For those who don’t know him, Jim Spanfeller is the David Zaslav of Bob Igers. He is the CEO of G/O Media, which is owned by a private equity firm that also owns most of what used to be known as the Gawker sites: The Onion, Jezebel, AV Club, Deadspin, The Root, Gizmodo, etc. These are historically very popular sites with large followings.

When G/O Media took over the old Gawker Media slate of sites in 2019, the best and easiest thing to do would have been to perhaps trim some costs by laying off underperformers, but otherwise keep the place humming. That’s not the direction that the former CEO of Forbes decided to take.

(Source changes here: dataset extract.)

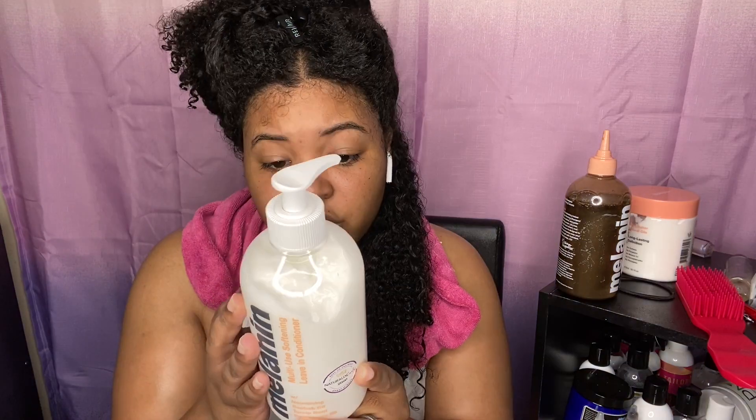I've washed all the shampoo out, and when I tell you this shampoo is clarifying, I mean that — my hair is completely squeaky clean. There are no oils in my hair at all. For some people who have a problem with clarifying shampoos and don't like that feeling, you may not like this. Now moving on to the conditioner — you can also use this as a rinse-out conditioner, which is another option.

Instead, he started a war with Deadspin, which led to its Editor-in-Chief being fired and eventually its entire staff resigning (many of whom are doing just fine over on Defector). In the intervening years, there have been almost nothing but negative headlines from that set of sites: Labor and union disputes, staff resignations (over 75 percent of the Jezebel staff resigned at one point, and 15 of 16 writers at The Root left), a disastrous situation where they lost several of their best writers at the AV Club for trying to force them to move to Los Angeles, a five-day strike in March of 2022, and most recently, the decision to publish very bland, very badly written, often inaccurate posts composed by AI bots.

Jim Spanfeller runs the company like a spreadsheet, and his employees are mere lines on that spreadsheet—little else. I suspect the GMG Union is the only thing that’s kept those sites running. Alas, the company has lost yet another EIC in Jezebel’s Laura Bassett, who exited over poor working conditions for her staff.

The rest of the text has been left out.